Une partie de ces élus qui avaient été accusé d’avoir viré à gauche, sentant le danger, décidèrent de se radicaliser pour sauver leurs sièges, ce qu’avaient bien entendu espéré les organisateurs de cette stratégie…
De son côté, après une période d’aphasie face à cette offensive, la gauche radicale et l’extrême-gauche profitèrent de ce déplacement artificiel des lignes et y virent une opportunité pour revenir en force dans le jeu politique et acquérir une exposition bien plus grande qu’autrefois en se présentant comme le rempart naturel à l’extrême-droite.
La boucle était bouclée…
Sauf qu’aux Etats-Unis, ce dernier phénomène n’est absolument pas de même ampleur que la transformation de la droite conservatrice en droite radicale et extrémiste.
Et même s’il existe une sorte d’alliance objective entre les deux extrêmes pour s’en prendre d’abord à la démocratie républicaine libérale qui est leur ennemie commune
Et sauf que les courants traditionnels de gauche, du centre et de droite existent toujours.
Reste que le simple fait, désormais, de combattre les arguments de l’extrême-droite et de se montrer intransigeant face à son discours mais aussi sa violence vous catalogue souvent comme un gauchiste dans les médias!
Car, peu importe que ce «nouveau» paysage politique soit une fake news, pour nombre de commentateurs incapables de comprendre ce qui s’était passé, la Droite et la Gauche s’étaient radicalisées de concert tandis que les centristes avaient viré à gauche…
Aujourd’hui, nous sommes donc bien aux Etats-Unis, dans la confrontation entre l’extrémisme radical anti-démocratique et les forces démocratiques qu’elles soient de gauche, du centre ou de droite.
Le seul changement a été l’accaparement par l’extrême-droite de l’appellation «droite».
Et celle-ci est également devenue la règle dans toutes les démocraties républicaines sans exception avec des rapports de force qui ne sont pas exactement les mêmes dans chaque pays.
Bien entendu, les particularités «locales» font que les cas de figure ne sont pas des exactes copies de ce qui se passe en Amérique et que les situations divergent dans le temps mais le processus est le même.
En France, nous voyons bien qu’il y a d’un côté les extrémistes populistes calquant leurs stratégies sur celle du Parti républicain et de Trump – avec Marine Le Pen et Eric Zemmour mais aussi Jean-Luc Mélenchon dans son opposition à la démocratie républicaine libérale – et les démocrates de tous bords.
Et l’on voit, notamment dans le discours de Zemmour, que cette extrême-droite revendique d’être la «vraie droite» en reproduisant à l’identique la stratégie qui a si bien fonctionné aux Etats-Unis et qu’avait déjà initiée, il faut l’ajouter, la famille Le Pen.
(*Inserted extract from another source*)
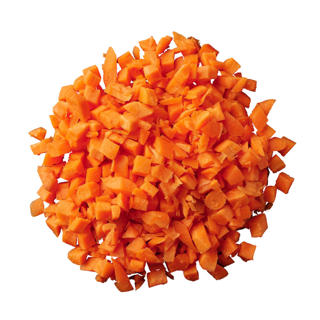 Morot tärnad 10mm..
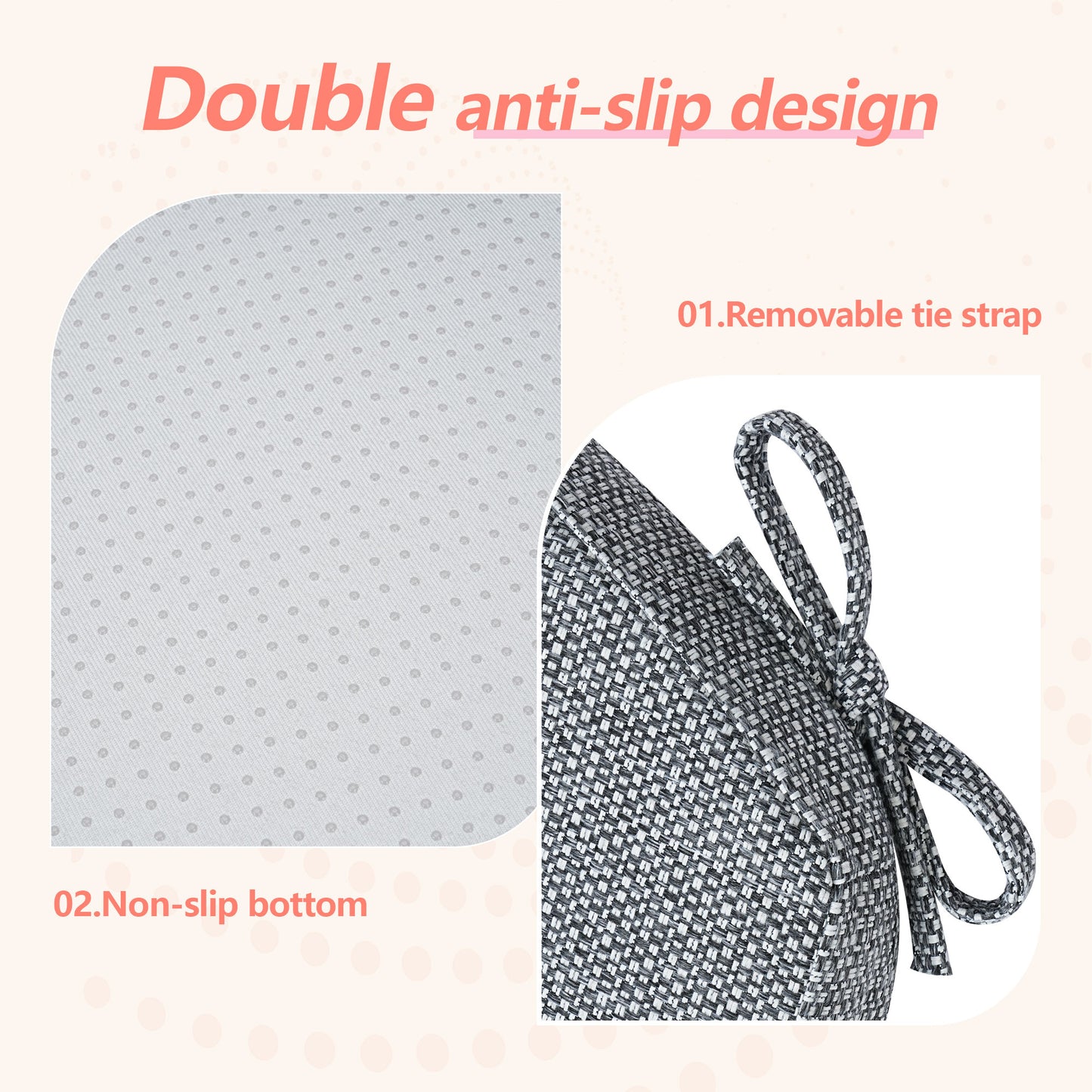 17-inch Depth Drak Gray Trapezoidal Cushion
La volonté des droites extrêmes et radicales est de fonder un parti qui engloberait selon eux toute la Droite mais qui, comme le Parti républicain d’aujourd’hui, ferait la purge de tout ce qui ressemble à des conservateurs modérés et à des libéraux éclairés.
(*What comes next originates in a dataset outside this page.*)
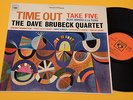 DAVE BRUBECK QUARTET LP TIME OUT 1°ST ORIG ITALY 1968 EX+   AUDIOFILI FLIPBACK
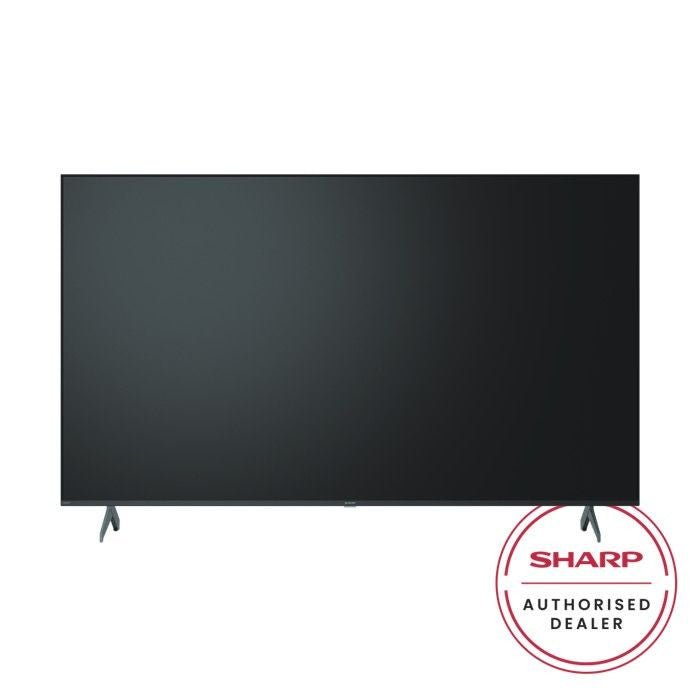Sharp 4TC75HJ6000X 75" Aquos 4K UHD Smart Google TV | TBM Online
Evidemment, tout ceci n’est pas donné pour l’éternité.
D’abord du simple fait que c’est une bien une construction fallacieuse qui a permis cette «nouvelle» architecture qui ne correspond à rien sauf aux même clivages qu’avant mais, et c’est là le plus dangereux, avec l’usurpation des étiquettes.
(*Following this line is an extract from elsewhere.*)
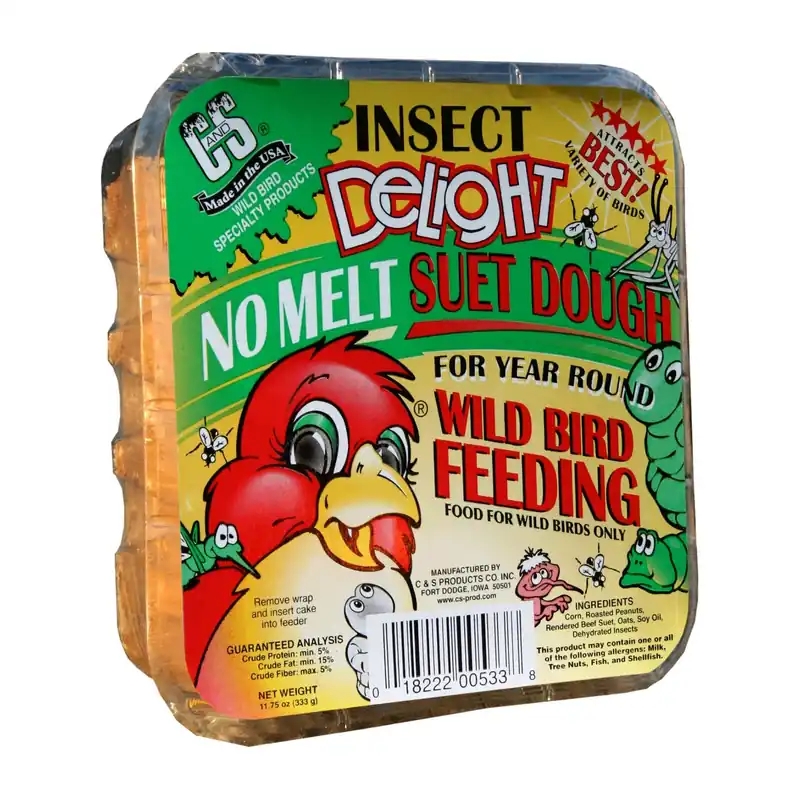 Insect Delight Assorted Species Beef Suet Wild Bird Food 11.75 Oz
Ensuite parce que cet extrémisme est avant tout destructeur sans avoir aucune capacité à construire quelque édifice solide comme l’a montré la présidence de Donald Trump.
Mais pour lutter contre cet encerclement de la démocratie républicaine par ses ennemis de l’intérieur, encore faut-il rappeler comment il a été mené et consolidé.